--- What you should do ---
Please output only the lines running from the one that contains "Sultanbeyli’de Buluşan Downhill" through the last line of the data below, exactly as they stand, with no pictures.

--- Provided data ---
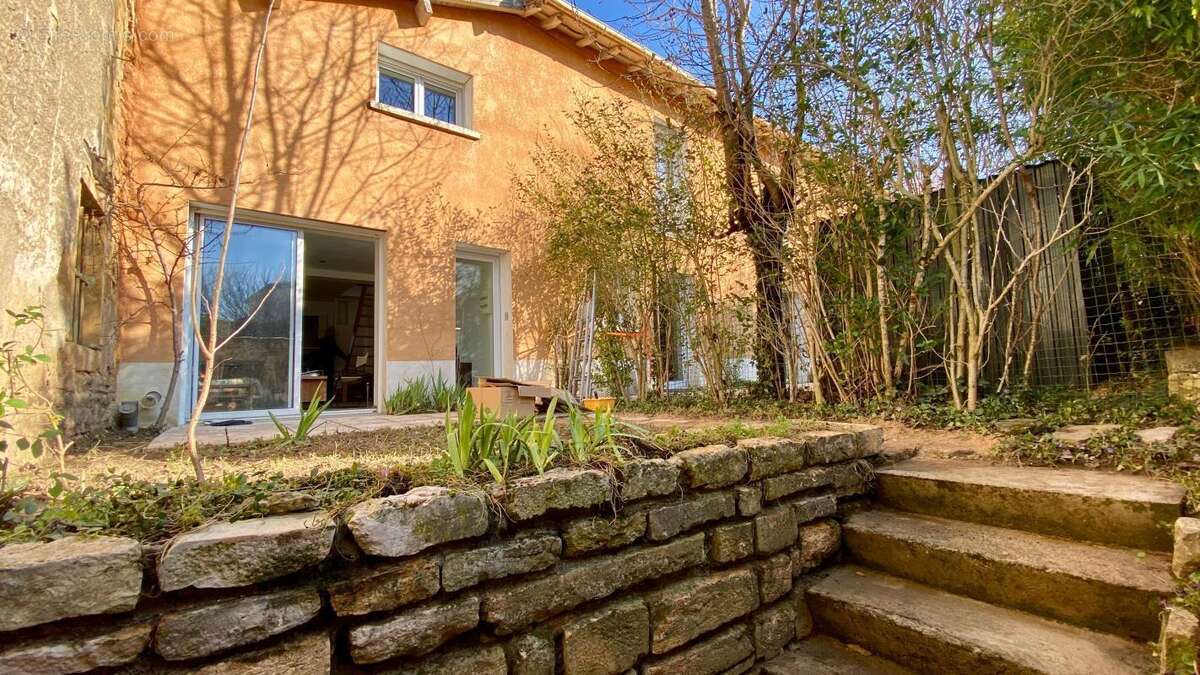 Maison à CAILLOUX-SUR-FONTAINES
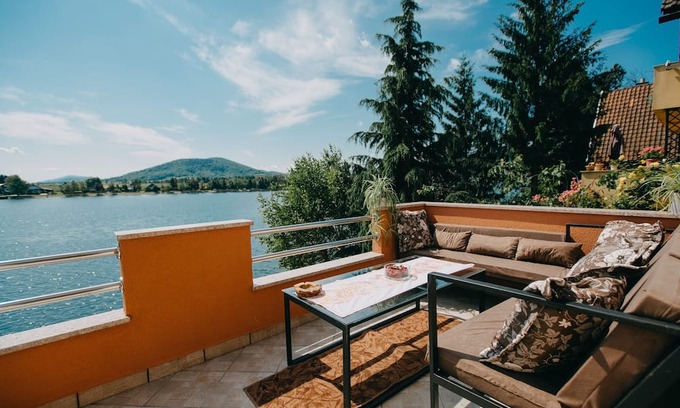 Ogulin Apartamento | Comfortable and spacious apartment with terrace Sabljak Selo, Gorski kotar (A-21683-a)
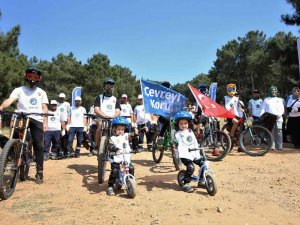 Sultanbeyli’de Buluşan Downhill Sporcuları Ve Çevre Gönüllülerinden Mesaj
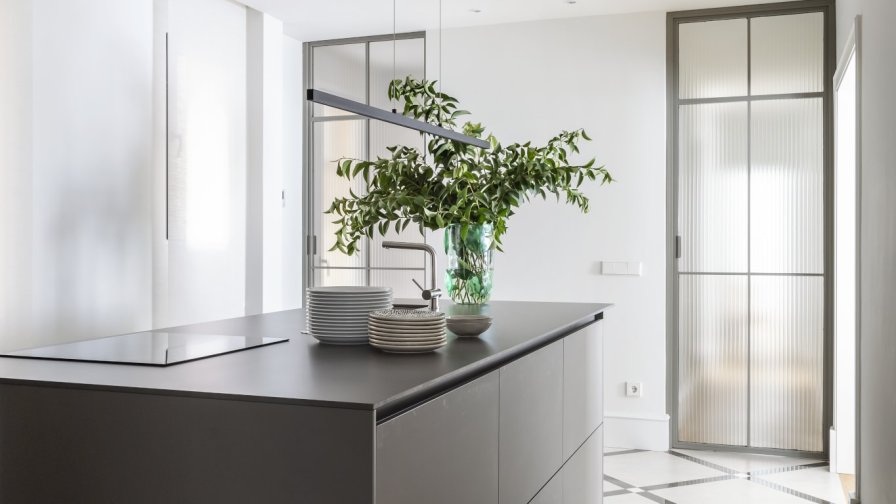 Cocina Santos Serie Fine en Gris Visón con isla central y encimera Silk de Inalco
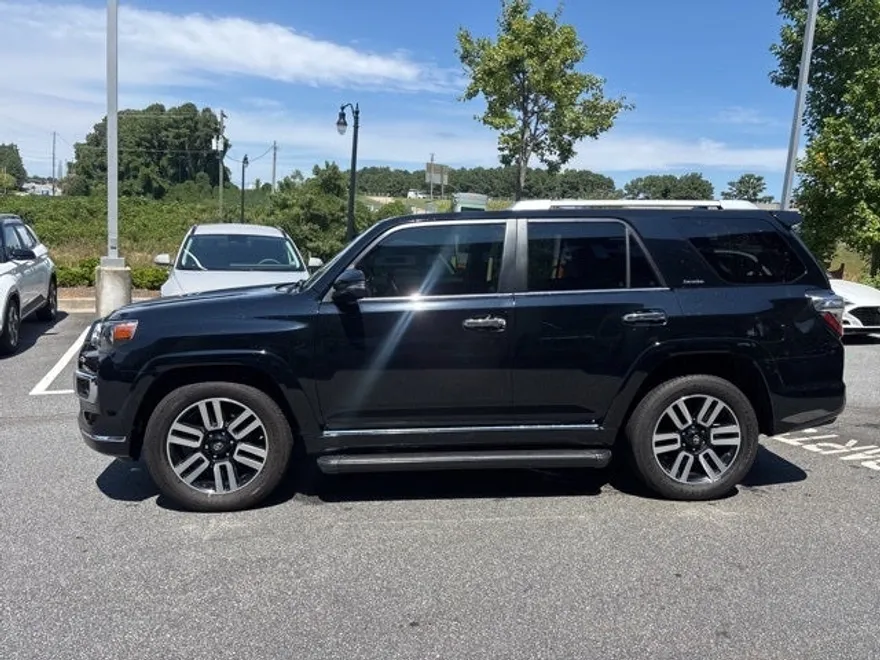 2021 Toyota 4Runner Limited photo 1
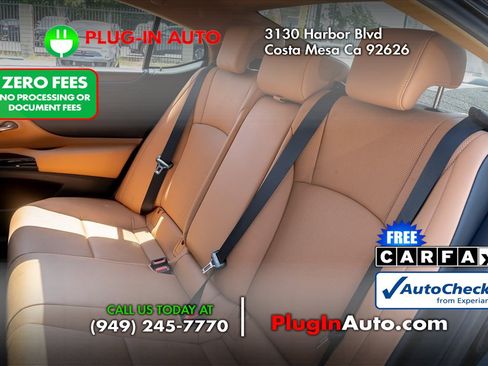 Used 2024 Lexus ES 350 w/ Premium Package FWD image 10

--- Problem solution ---
 Sultanbeyli’de Buluşan Downhill Sporcuları Ve Çevre Gönüllülerinden Mesaj
 Cocina Santos Serie Fine en Gris Visón con isla central y encimera Silk de Inalco
 2021 Toyota 4Runner Limited photo 1
 Used 2024 Lexus ES 350 w/ Premium Package FWD image 10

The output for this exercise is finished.